25年超に及ぶ不透明な独裁体制と、あまりに異常な管理ルール。「身内や知人を宿泊させると転入出費用として一万円を請求」「平日17時以降、土日は介護事業者やベビーシッターが出入りできない」「夜間、救急車を呼ぶも管理室と連絡が取れず、救急隊が入室できない」「リフォームは簡単にできない(売買が難しくて、資産価値が下落)」「Uber Eatsなどの配達員の入館を拒否される」「マンション購入の際も管理組合と面接が行われる」「引っ越しの際の荷物をチェックされる」「修繕工事も工事業者が指定され、見積もりは1社のみ」・・・・・・。約30年にわたって管理組合を私物化してきた理事長と執行部達と、マンションの民主化を願う住民たちとの厳しい闘争が始まる。

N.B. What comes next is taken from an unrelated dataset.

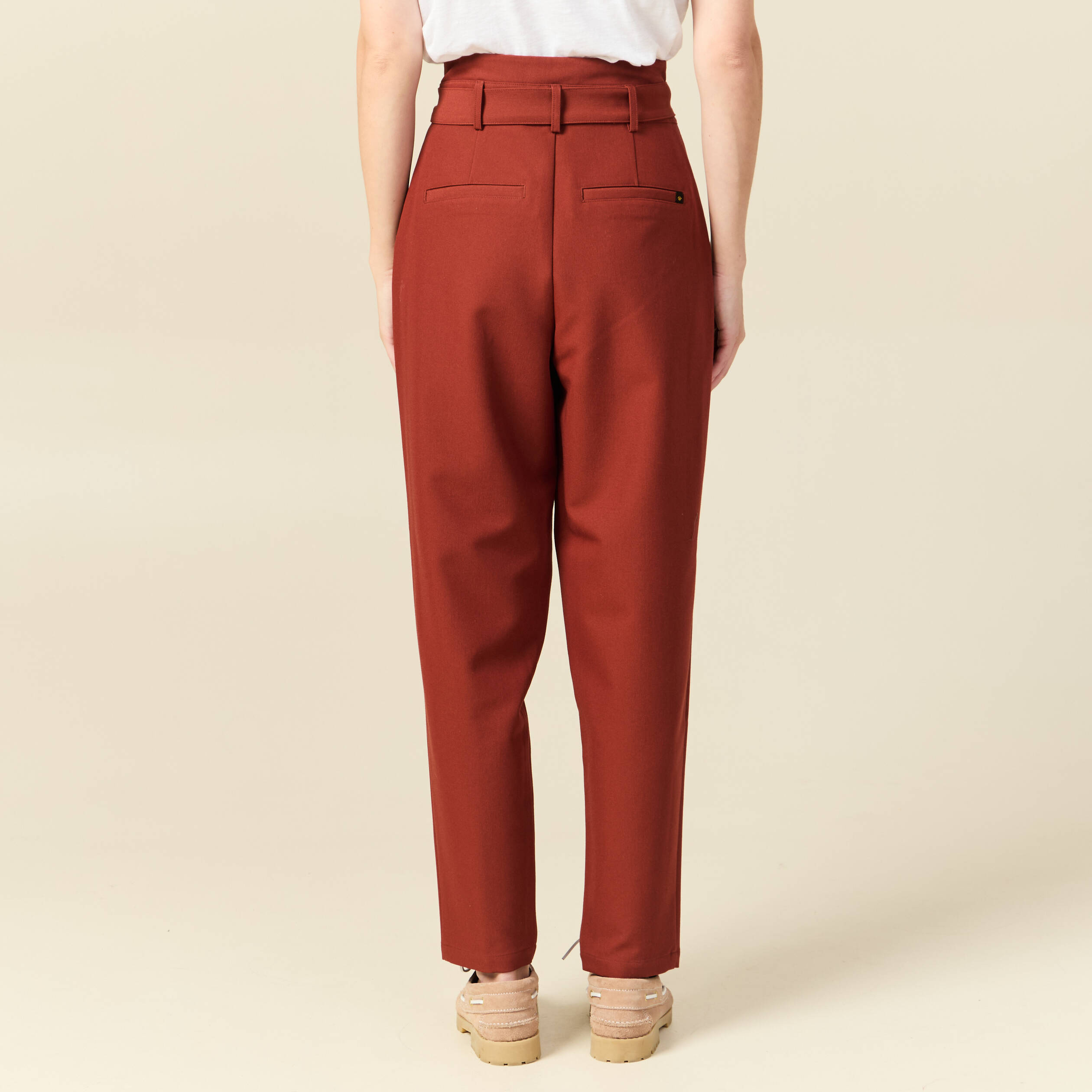 Pantalon carotte taille haute marron cognac femme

要因は「暴力団関係者が入ってしまって困った」ということから始まったようだが、住民は「有志の会」を結成、「全区分所有者向けに匿名文書を送る」「総会での追及」「委任状集めを始める」「弁護士やマスコミとの協力・信頼関係」・・・・・・。闘いは熾烈を極めた。マンション管理の世界は委任状の争奪戦。過半数の委任状をいかに集めるかがカギ。「チラシ禁止! 部外者禁止!」――警察沙汰の事件も起きる。ついに「過半数135に対して、わずか2票という僅差で勝つ」ことに。

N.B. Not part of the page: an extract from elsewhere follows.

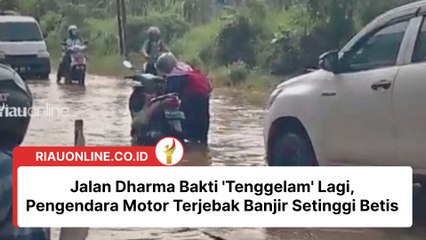 Jalan Dharma Bakti 'Tenggelam' Lagi, Pengendara Motor Terjebak Banjir Setinggi Betis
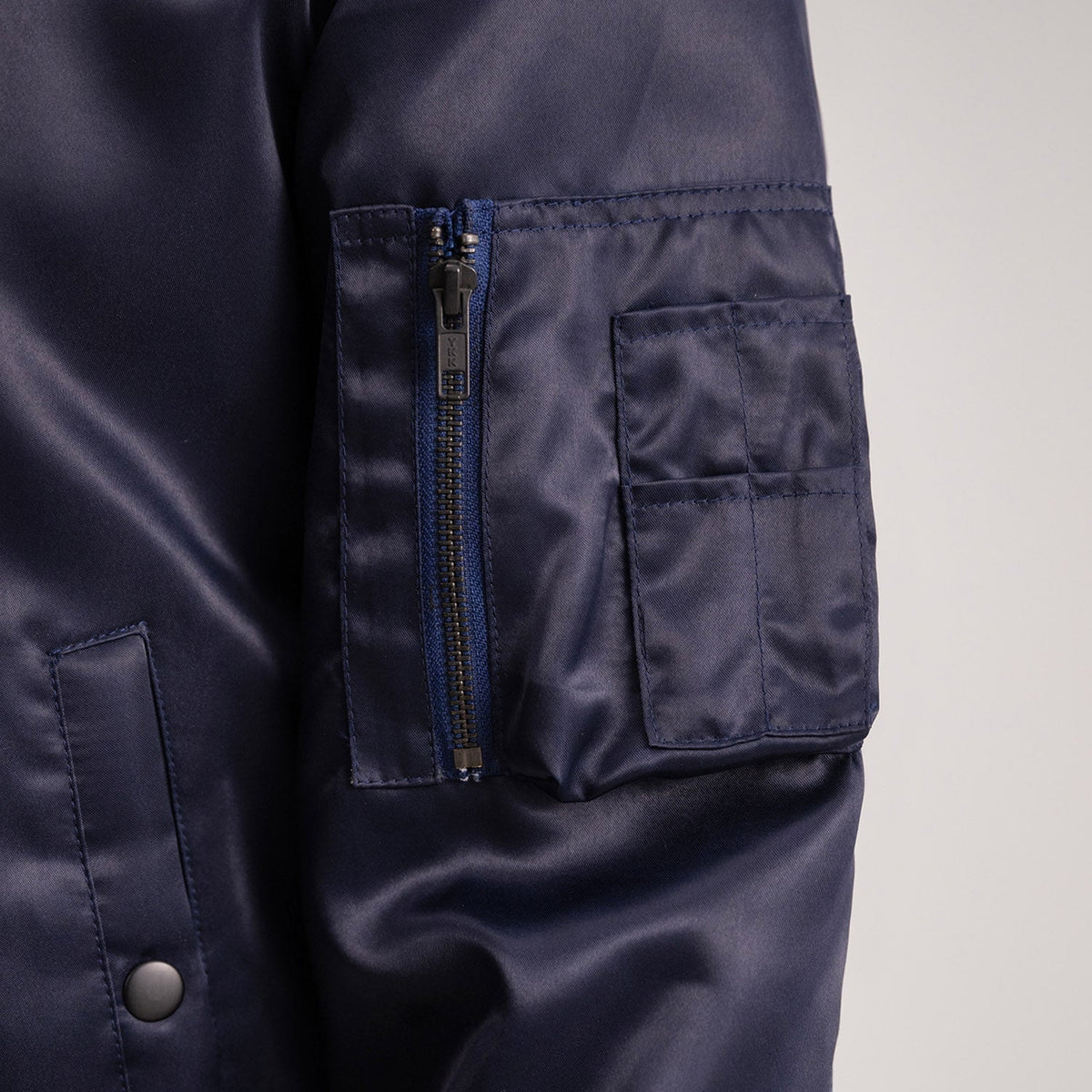 
Innenansicht Showing Polyester Lining & Zwei funktionale Innentaschen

2000年代初頭、「マンション管理問題が重要」と公明党が取り組み、諸制度を整備してきた。老朽化対策・メンテナンス・耐震化。日常の管理、区分所有者の合意形成・・・・・・。マンション自治、マンション管理を取り巻く問題は、複雑で長期化する。大変な闘いの記録を生々しく取り上げている。 

プロフィール

太田あきひろ

太田あきひろ(昭宏)
昭和20年10月6日、愛知県生まれ。京都大学大学院修士課程修了、元国会担当政治記者、京大時代は相撲部主将。

93年に衆議院議員当選以来、衆議院予算委・商工委・建設委・議院運営委の各理事、教育改革国民会議オブザーバー等を歴任。前公明党代表、前党全国議員団会議議長、元国土交通大臣、元水循環政策担当大臣。

現在、党常任顧問。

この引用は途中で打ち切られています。